Where Data and Dreams Collide, by Ron Crossland
Factoid Junkie and Poet
In 1967, when the network cancelled the original Star Trek television series, I protested mightily by hauling out an old Remington Rand typewriter--my father was a typewriter repairman--and pounding out a poorly-constructed, emotionally-stinging barb to the Amarillo Daily in Texas. The letter, which excoriated the producers for their lack of foresight, was actually published, thereby documenting my prescience at a mere 15 years of age. I felt like Thomas Paine, though my arguments were a bit less developed than those in ol’ Tom’s Common Sense.

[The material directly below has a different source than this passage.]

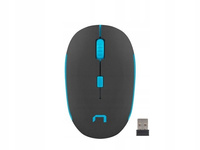Mysz bezprzewodowa Martin czarno-niebieska 1600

This adolescent memory illustrates a point concerning the distinction between strategy and vision—two ideas that are understood to be different, yet are often casually substituted for each other. I use here another Trekkie-related anecdote to exemplify the distinction. Not long ago, I’d placed an order for the Kindle, the new eBook reader by Amazon. Even though eBook readers are not new--the idea of an electronic book is at least as old as Star Trek and likely very much older--the idea of a world in which all information can be accessed by anyone, anywhere is very much like vision, an imagining of a rich world far different than our own. Strategy then is the fun, difficult, exhilarating, and tortuous path to arrive at this vision. Kindle is simply the newest step in this journey from the visionary ideas of Star Trek to the commonplace gadgets of today.
Since imagining the future is considered so much easier than actually figuring out exactly how to get there, we have spent a great deal of effort in developing strategic-thinking skills. In the May 2006 issue of Harvard Business Review, Grosberg, McLean, and Nohria showcased their analysis on strategic skills, which they claim are the most transportable among today’s peripatetic executives who leap from one business venture to another. This is likely because these skills are so valued and because we work so danged hard at coming up with them
As far back as the early 1980s, the venerable strategy theorist Kenchii Ohmae had written in his Mind of the Strategist:
“In what I call the mind of the strategist, insight and a consequent drive for achievement, often amounting to a sense of mission, fuel a thought process which is basically creative and intuitive rather than rational. Strategists do not reject analysis. Indeed they can hardly do without it. But they use it only to stimulate the creative process, to test the ideas that emerge, to work out their strategic implications, or to ensure successful execution of high-potential ‘wild’ ideas that might otherwise never be implemented properly. Great strategies, like great works of art or great scientific discoveries, call for technical mastery in the working out but originate in insights that are beyond the reach of conscious analysis."
What stimulates me about this passage is that Ohmae holds that intuitive, creative, and analogical processes guide the mind of the strategist. While data analysis aids the strategist, it cannot substitute for the more intuitive process. Some might see Ohmae’s mind of the strategist as being more like the mind of a visionary.
In his insightful Educating Intuition, Robin Hogarth, who teaches at the Universitat Pompeu Fabra, in Bilboa, Spain, sees computers as being far better with number crunching than they are with analogical, intuitive reasoning processes. Computers, for all their muscle, still cannot discern which data to pursue nor can they imagine new worlds. Our increasingly wonderful algorithms are helping computers to sort data, slice it and dice it and synthesize information in new and powerful ways. What’s needed is the link, those intuitive interfaces for our gadgets. Even though my new Kindle supposedly has one, an intuitive interface, computers as a whole are far from possessing even the most rudimentary intuitive capabilities of humans. Hogarth points out that “Analogies aid the reasoning process; they help us make sense of the world. The power of analogical thinking lies in the fact that it is inherently intuitive."
All of which leads us to the power of story, metaphor and analogy. Reasoning from analogies or stories about the future is an intuitive process in the mind of the strategist. We can imagine a world that data cannot prove. If we couldn’t, how could we conceive goals, outcomes or dreams that lift us out of what John W. Gardner termed the “petty preoccupations” of our daily life? I’m suggesting that the key lies with intuition, a process that facilitates the fluid movement between vision and strategy. This is the place where data and dreams collide to help us imagine new worlds and new paths to reach them.
Since we have done so well at developing strategic skills, we should now begin the harder and messier task of developing greater intuition. The strategic thinking community agrees. In a speech delivered at the University of Toronto’s Rotman School of Business in March, 2005, John Sterman, an M.I.T. professor of strategic thinking, advised business students to augment their strategic thinking acumen by acquiring greater technical skills. But more important, he emphasized, was the need to focus on other valuable leadership assets such as dialogue, empathy, self-reflection and the ability to access greater reservoirs of analogous reasoning. The same reasoning, I might add, that I had at 15 and was future-tripping, star-gazing at Star Trek. Now that was real vision.